Sararer: Mir fällt schon auf, dass viele Gegenspieler versuchen, Fouls zu machen und robust reingehen, damit man nicht ins Spiel kommt. Aber das ist ja völlig normal. Diese Spielereien gehört dazu. Aber Trash Talk oder ähnliches gab's überhaupt nicht. Bisher sind sogar alle recht freundlich gewesen, haben im Spiel ein paar Fragen gestellt.
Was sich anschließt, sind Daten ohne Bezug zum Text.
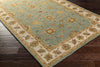 Artistic Weavers Middleton Hattie AWHR2058 Area Rug Corner Shot 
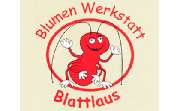 Blumen Blattlaus - LOGO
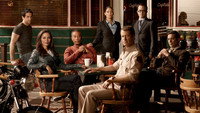 «Эврика (2006 - 2012)» — обои к сериалу #7
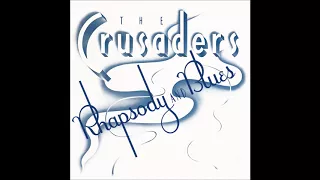 The Crusaders - Soul Shadows HQ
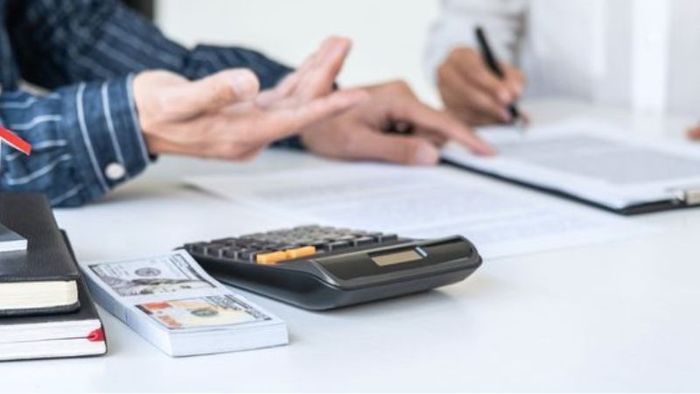 Thừa Phát Lại là gì?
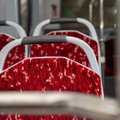 Kaunas ketina pirkti 100 naujų hibridinių autobusų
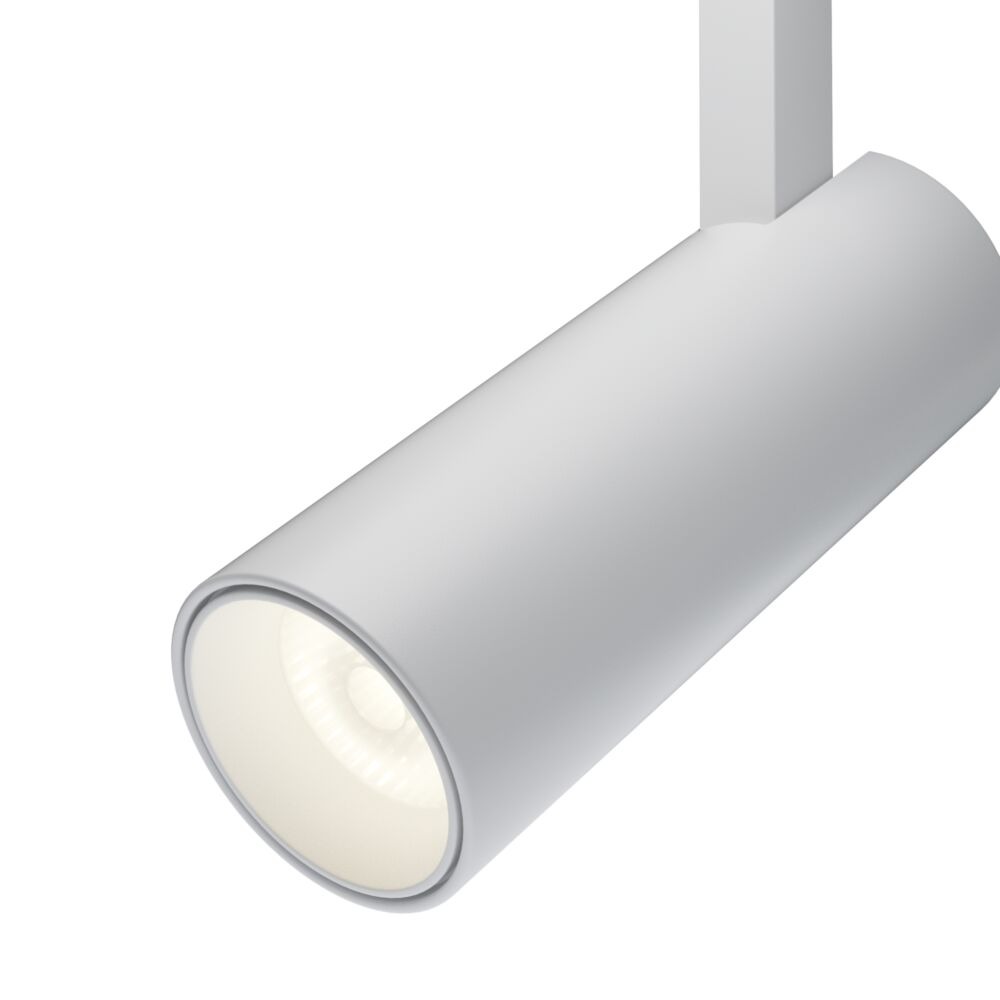 Трековый светильник Фокус / Focus Led S35 3000K 9Вт 24°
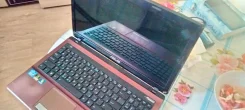 Asus K53S. 15.6", WiFi: 1, Bluetooth: 1, ����������� �� 1��. ����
hessenschau.de: Sie haben noch bis 2026 einen Vertrag in Kassel, haben zum Einstand gesagt, dass Sie mit Kassel irgendwann nochmal eine Liga höher spielen wollen. Momentan sieht es aber nicht danach aus. Und Sie haben diese Saison immer wieder mit kleineren Verletzungen zu kämpfen. Wie lange wollen Sie denn noch spielen?

Sararer: Solange es geht! Ich spiele so lange, bis meiner Körper sagt, es reicht. Auch wenn es sportlich nicht so läuft. Wir hatten eben einen Umbruch, das dauert ein bisschen. Aber mein Ziel bleibt natürlich der Aufstieg.

Das Gespräch führte Bastian Gerling.